Günümüzde yaşanan küresel kriz sürecinde Petrol İhraç Eden Ülkeler (OPEC) tarafından yapılan petrol satışları git gide düşüyor. Bu düşüşlerin ana sebebi ise alternatif enerjilerin kullanımı, alternatif petrolün piyasaya sürülmüş olması ve talepteki erozyondur.
Küresel dünyada artan savaşlar ve yaşanan doğal afetler sonucunda IEF, petrol harcamalarının Savaş Riles Pazarı olarak 2022'de iyileşmeyeceğini söyledi. Küreselciler bu düşüncede olurken piyasalar hız kesmeden çöküşlerle karşı karşıya kaldı. Bu durum, dünya devletlerinin piyasalardaki para birimlerini koruyabilmek için faiz artışına ve azaltmalarına sürükledi. Küreselciler ise savaşlar aracılığıyla petrol bölgelerini ele geçirebilmek için çeşitli entrikalar gerçekleştiriyor. Bunların en bilinen örneği dünyadaki en büyük küresel şirketlerin iklim üzerinden yaptıkları ‘Net Sıfır Emisyon’ çalışmalarını kullanarak petrol türevli üretime sahip firmaların yeniden şekillendirilmesidir.
Dünyada hali hazırda devam eden JCPOA-İran müzakereleri, İranlı yetkililere sert bir tavır alırken, ülkenin yaptırımlardan kaçarak ve daha fazla petrol ihraç ederek ülkenin yaptırımları aşma kabiliyetinden bahsederken, durmuş görünüyor.

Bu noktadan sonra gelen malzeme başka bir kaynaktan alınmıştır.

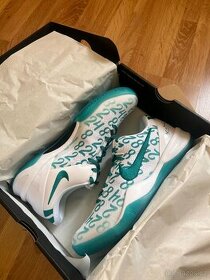 Nike Kobe 8 Protro Radiant Emerald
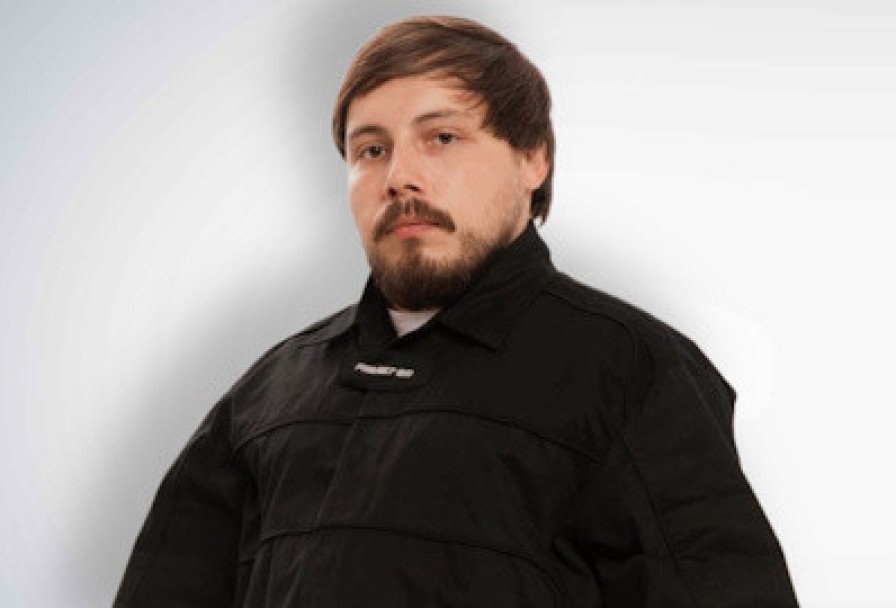 Заур Туганов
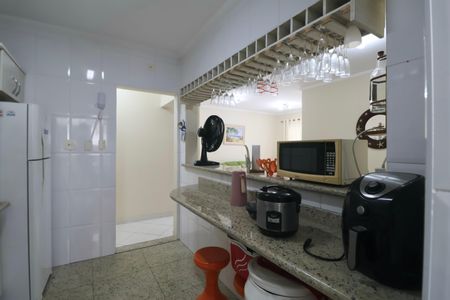 Apartamento para alugar com 95m², 3 quartos e 2 vagas Apartamento para alugar com 95m², 3 quartos e 2 vagasCozinha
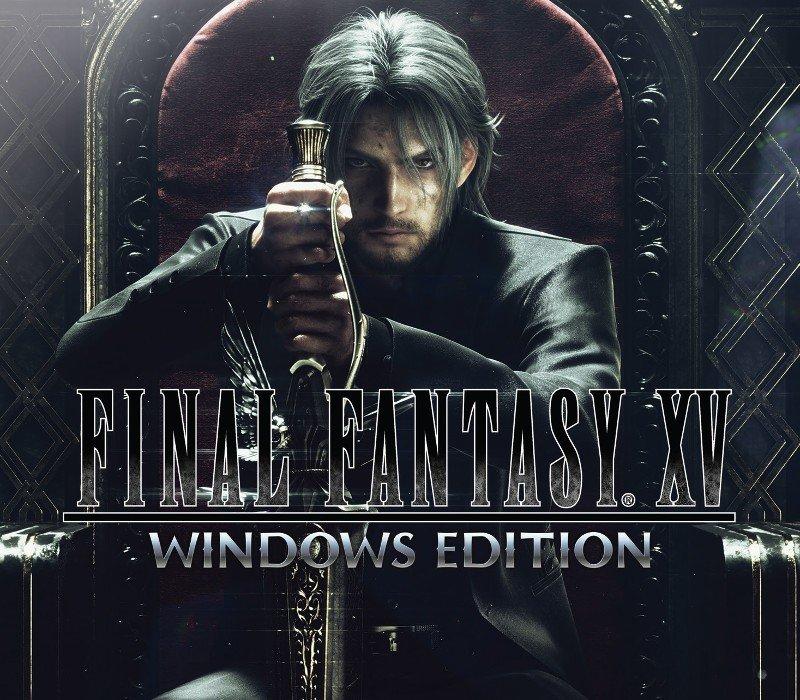 FINAL FANTASY XV Windows Edition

İsrail'in İran'ın nükleer tesislerine yönelik bir askeri saldırısı, İran'ın tepkisine bağlı olarak bölgede (ve petrol piyasalarında) önemli miktarda kargaşaya neden olabilir. Buna ek bir bilgi olarak Rusya’nın Avrupa’ya karşı petrol yaptırımları Ukrayna başta olmak üzere dünyada yaşanan savaşlar sebebiyle yeni petrol pazarları arayışı içine girmiştir.
Görmüş olduğumuz kadarıyla Dünyanın en büyük fosil yakıt üreticileri "sıfır emisyon" yarışına katıldı.
Son olarak dünyanın en büyük fosil yakıt üreticileri arasında yer alan Rusya ve Suudi Arabistan 2060’da, Birleşik Arap Emirlikleri ise 2050’de net sıfır emisyona ulaşmayı taahhüt etti. Bu da akıllara ‘Petrol savaşlarında küresel devletler yeniden mi şekilleniyor?’ sorusunu beraberinde getiriyor.